勧告及び警告(トラック事業者への行政処分を行う場合の荷主への措置) 〔勧告〕 トラック事業者に対し行政処分を行うものについては、荷主に関する調査を実施し、その結果、例えば、 ◯過労運転防止措置義務違反の原因が、荷主管理の荷捌き場での恒常的な荷待ち時間の発生であり、かつ、荷主に対し改善を要請しているにもかかわらず荷主が応じず改善がなされていない場合 ◯過積載運行の原因が、積込み直前に荷主から貨物量を増やすよう急に指示され、過積載となることを認識しつつ荷主から取引解消を示唆されるなど断り切れなかったことによるものである場合 など、荷主の主体的な関与の具体例を示し、荷主勧告の判断基準を明確化します。 (以下略)

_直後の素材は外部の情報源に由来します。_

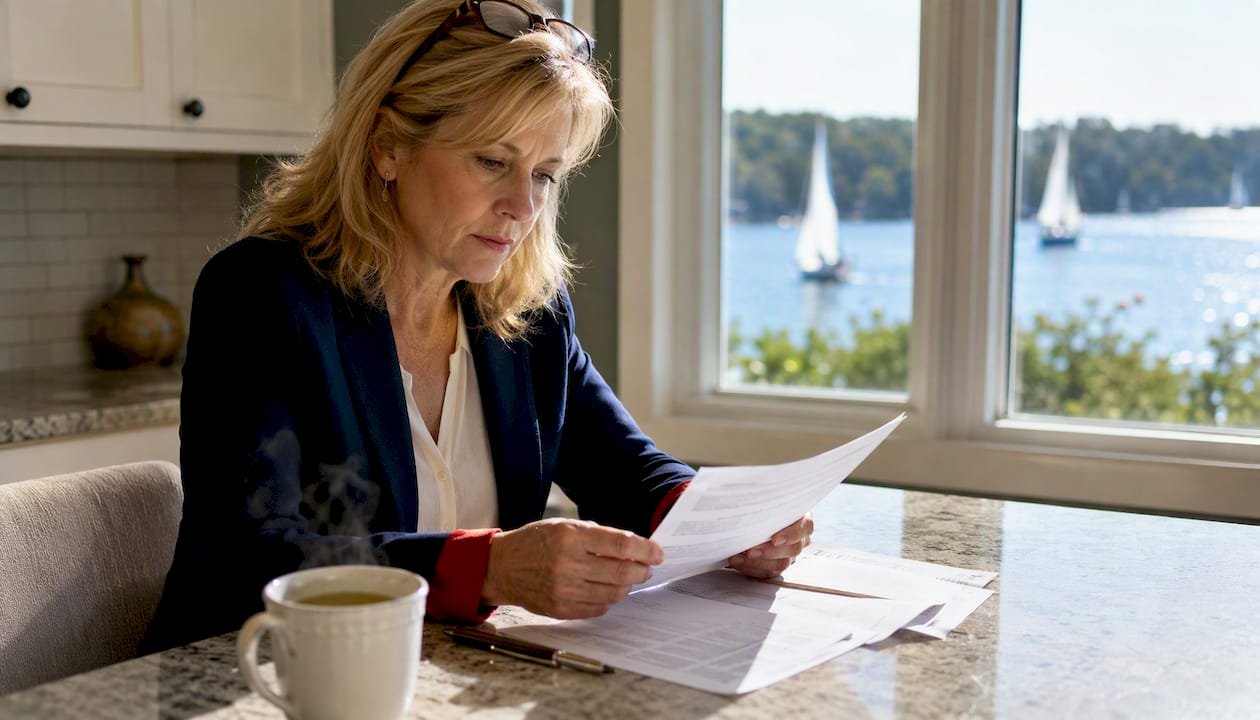 Woman reviewing vessel registration documents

※国土交通省報道発表資料(2017.06.30)より転載
このように、荷待ち時間の発生が過労運転の原因となった場合などが、制度の対象となりえるようです。
また、過労運転の防止には厚生労働省も取り組んでいます。改善に向けた取組事例の冊子が作成されていますし、「労働時間のルール」と「荷主勧告制度」をあわせて紹介するチラシが作成されています。
※国土交通省HPより |
※厚生労働省HPより |
※関連資料⇒国土交通省HP報道発表(2017.06.30)
「運賃」の考え方が変わった
もう一つ、標準貨物自動車運送約款の改正についてご紹介します。
標準貨物自動車運送約款(以下、標準運送約款)とは、国土交通省が制定するトラック事業者と荷主の契約書のひな形です。2017年11月4日に改正されましたが、大きく変わったのは、「運賃」の考え方です。

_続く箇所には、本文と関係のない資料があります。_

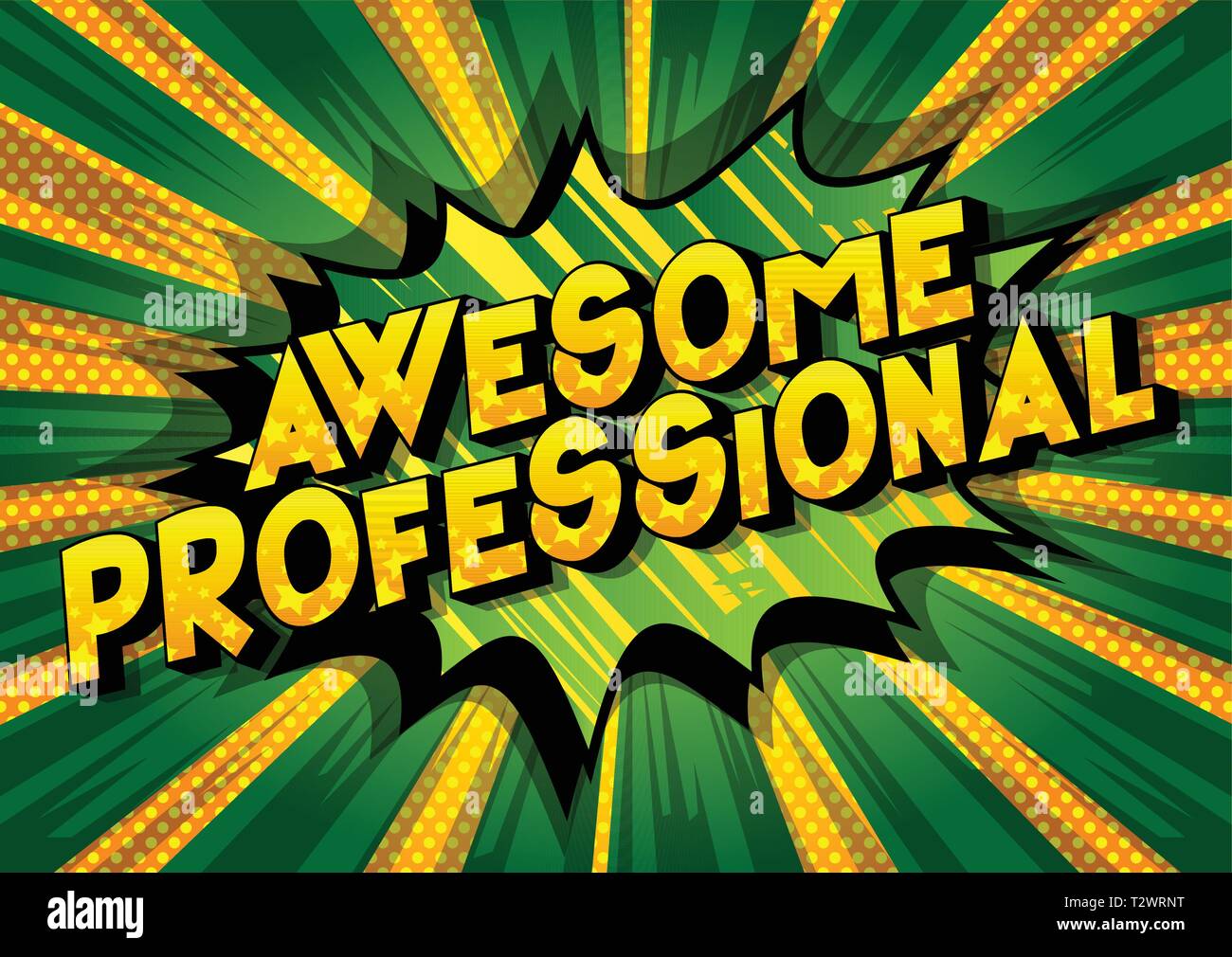 Awesome Professional - Vector illustrated comic book style phrase on abstract background. Stock Vector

これまでの標準運送約款では、「運賃」が指す範囲が不明瞭でした。
これを「運賃」とは運送の対価と定め、その他の運送以外の役務の対価は「料金」とした点が、以前までの標準運送約款と大きく異なります。
※国土交通省広報資料より一部転載 |
今まで明確にされていなかった、
- 積込み、荷下ろしの作業
- 荷主都合による待機
- 棚入れ、ラベル貼りなどの流通加工
といった附帯作業。
これらが「運送以外の役務」、つまり仕事として契約事項に取り上げられました。
これによって、運送以外の役務も含めて労働時間という考え方が浸透し、労働時間のルールをより守りやすくなるかもしれません。
※関連資料⇒国土交通省HP報道発表(2017.10.30)
ますます進んでいく「トラックドライバーの働き方改革」
荷主勧告制度の新しい運用と標準運送約款の改正
どちらも「ドライバーの働き方改革」を進めていく動きの一つといえるでしょう。「ドライバーの働き方改革」を目指して、着々と動きが進んでいますね。
また、運送事業者だけではなく、仕事を依頼する立場の荷主が対応すべきことも示されていることが印象に残ります。
運送事業者・荷主の両方が協調して「働き方改革」が進み、より働きやすく、そして安全な社会になるといいですね。